With the images removed, transcribe the listing that follows exactly.
*** Information provided Section Begins ***
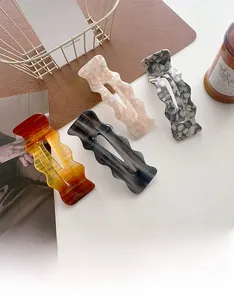 Macro shot of oversized acetate hair clips featuring elegant wavy textures and marble patterns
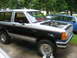 1989 Ford Bronco II - This 1989 Ford Bronco II is shown with its hood open, parked next to another vehicle.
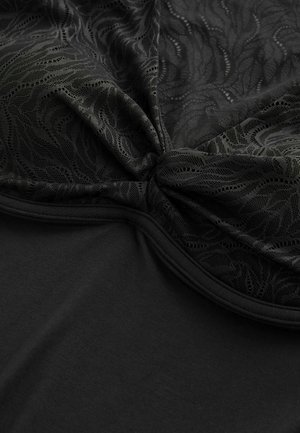 Černý top s texturovaným krajkovým překryvem se vzorem listů, středovým záševkem a hladkým pevnějším základem.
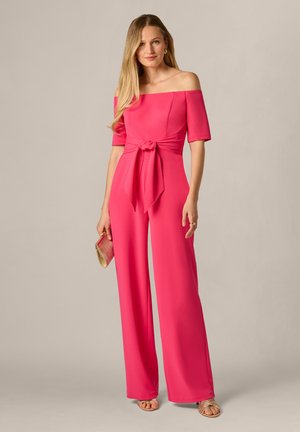 Femme aux longs cheveux blonds portant une combinaison rose vif à épaules dénudées avec une taille nouée, tenant une petite pochette et portant des sandales beiges.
*** Information provided Section Ends ***
# Output for this task:
 Macro shot of oversized acetate hair clips featuring elegant wavy textures and marble patterns
 1989 Ford Bronco II - This 1989 Ford Bronco II is shown with its hood open, parked next to another vehicle.
 Černý top s texturovaným krajkovým překryvem se vzorem listů, středovým záševkem a hladkým pevnějším základem.
 Femme aux longs cheveux blonds portant une combinaison rose vif à épaules dénudées avec une taille nouée, tenant une petite pochette et portant des sandales beiges.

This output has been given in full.